In the real, physical world, every action a device takes—like booting up, executing an algorithm, or loading stored data—creates measurable effects: a sound, fluctuation in current, displacement of air, the generation of heat, an elapse of time. As a result, hackers don’t necessarily need to crack an encryption algorithm or tamper with secure software to steal information. All they have to do is observe the multitude of different signals that a device gives off. Attacks that utilize these indirect signals are known as “side-channel attacks.”
The potential of physical effects to crack security systems has been documented since World War II. Modern research has shown how even the movement of a house plant’s leaves or the vibrations of a lightbulb can reveal what people are talking about in a room. In the cybersecurity field, side-channel attacks are a growing concern due to the wealth of measurable effects created by device components such as processors, chips, fans, and hard disks.
Here are just a few examples of known side-channel attacks.
Speculative execution attacks
This class of side-channel attack exploits vulnerabilities in how a CPU loads information into caches and buffers when trying to efficiently execute a program. In recent years, this has revealed huge vulnerabilities in Intel, ARM, and AMD chips, leading to a string of high-profile attacks, including CacheOut and ZombieLoad.
Power monitoring attack
In a power monitoring attack, a hacker measures how much power is being used during computation and correlates it to the implementation of a program. In doing so, they’re able to work out which step of a computational process a computer is performing, which helps them identify critical information such as cryptographic keys.

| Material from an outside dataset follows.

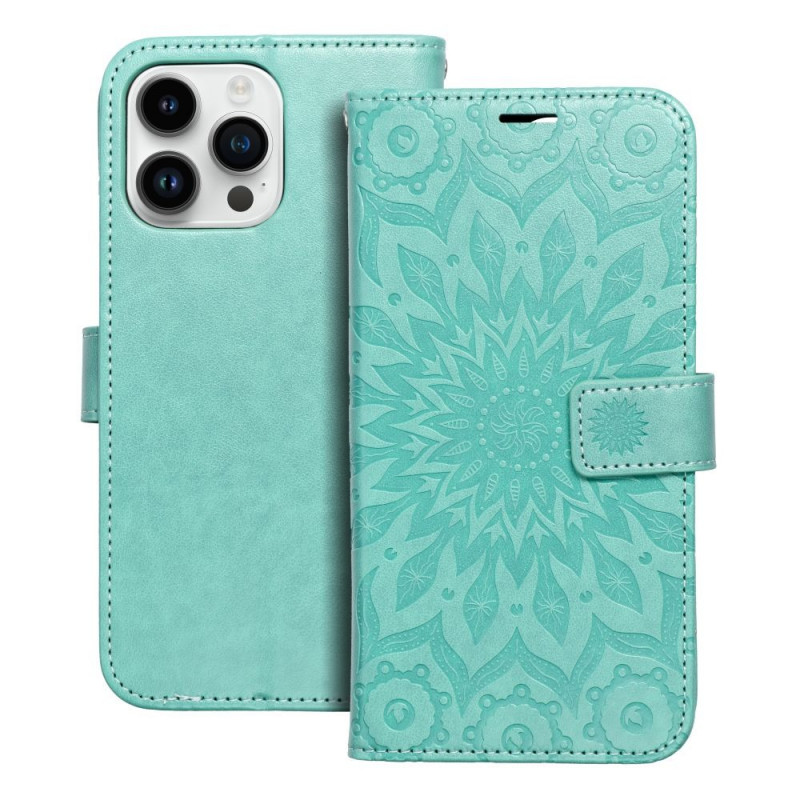 Apple iPhone 14 Pro Max Portefeuilles MEZZO Book Mandala  Vert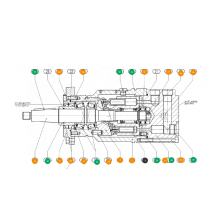 Rexroth A10F A10FP серия Аксиально-поршневой гидромотор A10FP18-31W-TCS22D A10FP18-52W-SCS64-SO940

This type of side-channel attack monitors cache access. It can be deployed in a variety of settings, but is most effective in cloud or virtualized environments. The basic concept is for the hacker to tamper with and monitor a data cache that is shared between them and their victim. By modifying specific cache locations and then watching for changes and observing the time to access, the attacker can use this leaked information to identify specific targets or even extract keys used by cryptographic ciphers.
This side-channel attack measures the length of execution time while data is being loaded to or from a CPU cache or memory. Analysis of this data then allows a hacker to narrow the range of possible values for the elements of an encryption key. In some instances, they can even define the key itself.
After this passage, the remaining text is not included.